We are in the early stages of an emerging era where network modes of organization dominate over institutions and markets. Networks naturally route around hierarchy. Networks also enable work to be done cooperatively, as opposed to collaboratively in institutions or competitive markets.
What would an organization look like with looser hierarchies and stronger networks? Probably a lot more human, retrieving some of the intimacy and cooperation of tribal groups. We already have other ways of organizing work. Orchestras are not teams, and neither are jazz ensembles. There may be teamwork on a theatre production but the cast is not a team. It is more like a community of practice, with strong and weak social ties.
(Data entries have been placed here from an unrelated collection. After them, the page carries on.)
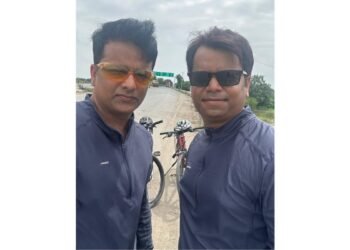 Cycling for Change: Two Riders Journey from Mumbai to Delhi to Demand Safer Highways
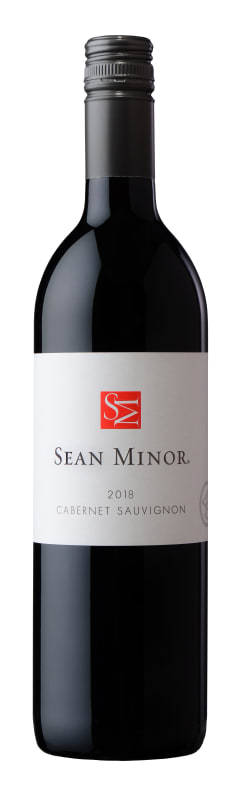 Sean Minor 4B Cabernet Sauvignon 2018 Front Bottle Shot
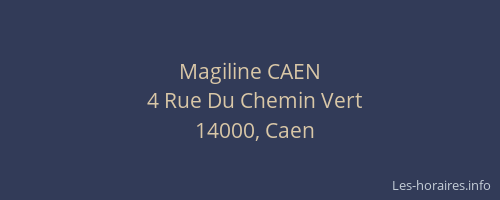 Magiline CAEN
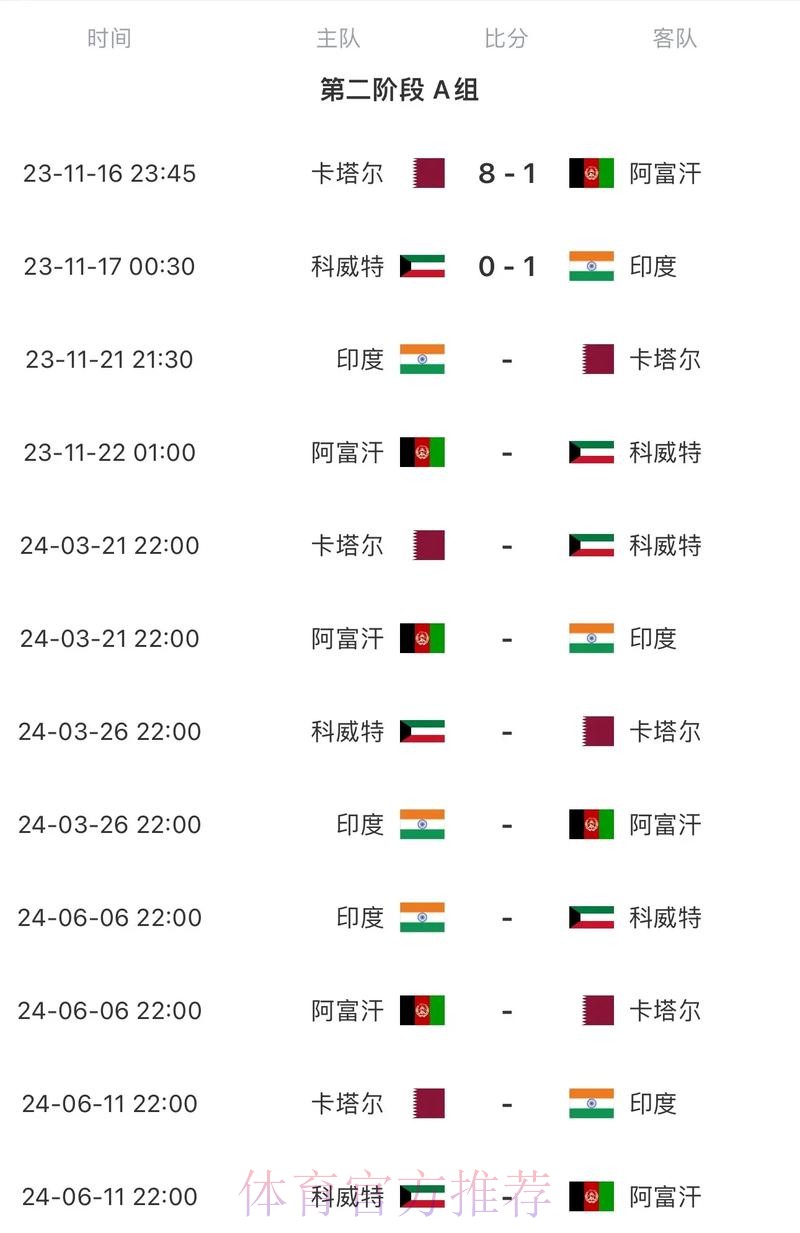 2026世界杯赛程最新最新时间表免费观看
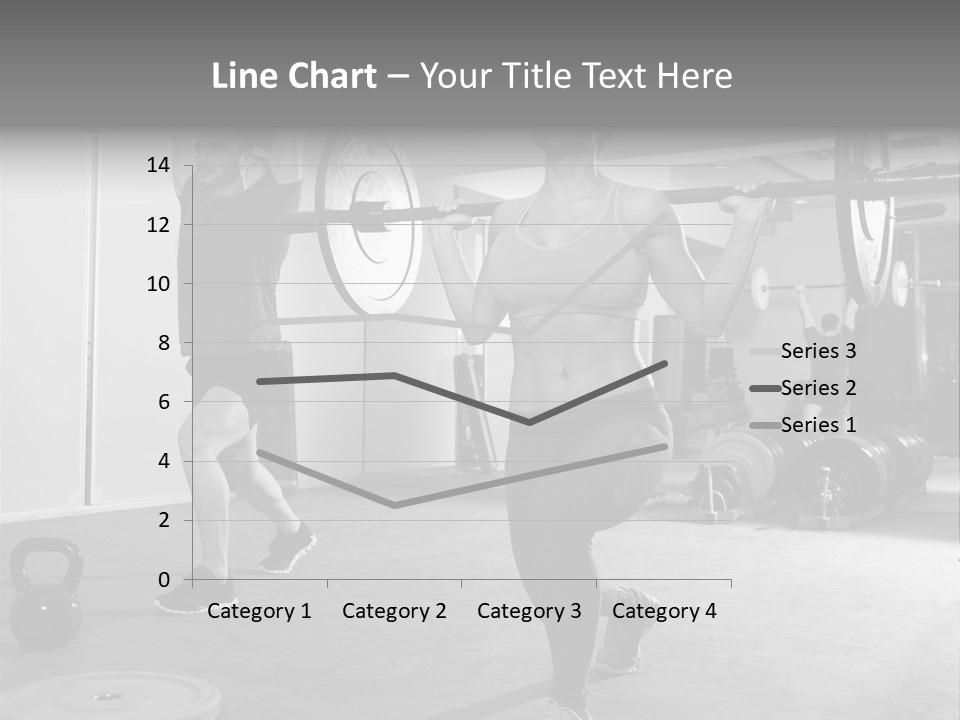 Coaching Weight Young PowerPoint Template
Hierarchical teams are what we get when we use the blunt stick of economic consequences — with financial quid pro quo — as the prime motivator. In a creative economy, the unity of hierarchical teams is counter-productive, as it shuts off opportunities for serendipity and innovation. In a complex and networked economy workers need more autonomy for self-governance.
A new dominant organizational form (the network) requires new leadership models. The command and control model of a hierarchy, a simple branching network, is inadequate. The corporate world has been significantly influenced by American business models and business schools for the past century. Most of these are obsolete. Instead, we can learn from Nordic leadership models and create organizations that take advantage of a networked world.
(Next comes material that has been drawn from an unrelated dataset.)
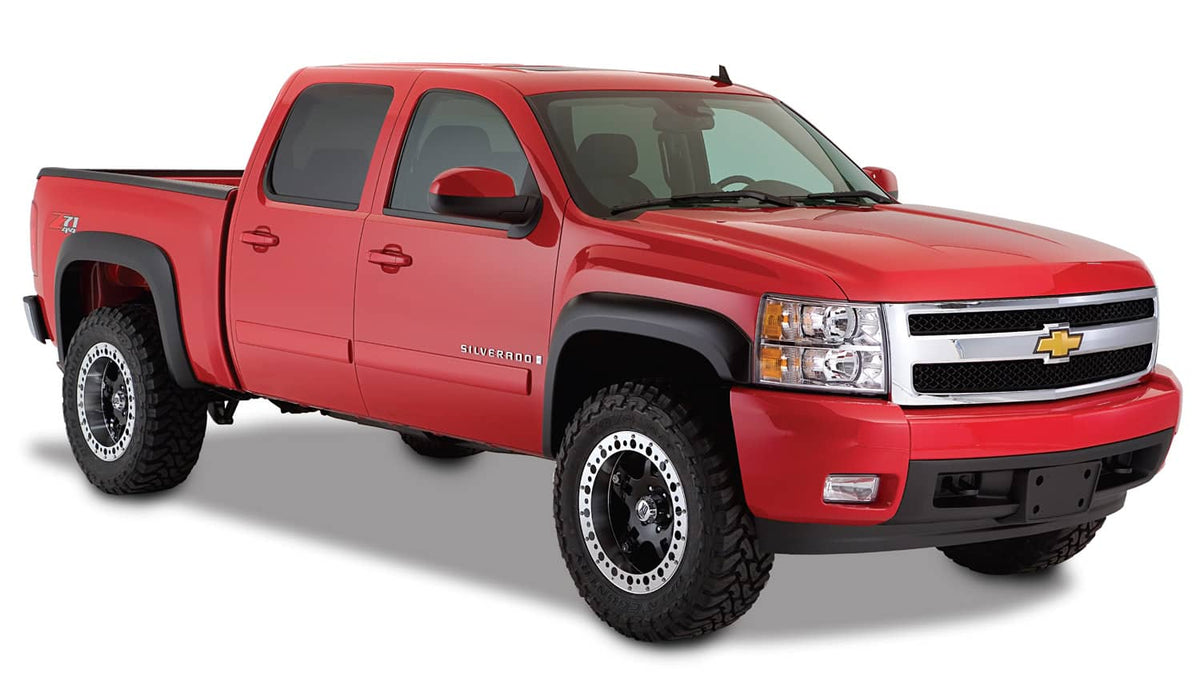 EXTEND-A-FENDER FLARES (4) 07-13 CHEV 5'8"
“American managers are assertive, aggressive, goal and action oriented, confident, vigorous, optimistic, and ready for change. They are capable of teamwork and corporate spirit, but they value individual freedom and their first interest is furthering their own career.”
“Swedish management is decentralized and democratic. The rationale is that better informed employees are more motivated and perform better. The drawback is that decisions can be delayed.”
“Finnish leaders exercise control from a position just outside and above the ring of middle managers, who are allowed to make day-today decisions. Finnish top executives have the reputation of being decisive at crunch time and do not hesitate to stand shoulder to shoulder with staff and help out in crises.”
“In democratic Norway, the boss is very much in the center of things, and staff enjoy access to him or her most of the time. Middle managers’ opinions are heard and acted upon in egalitarian fashion, but top executives rarely abandon responsibility and accountability.”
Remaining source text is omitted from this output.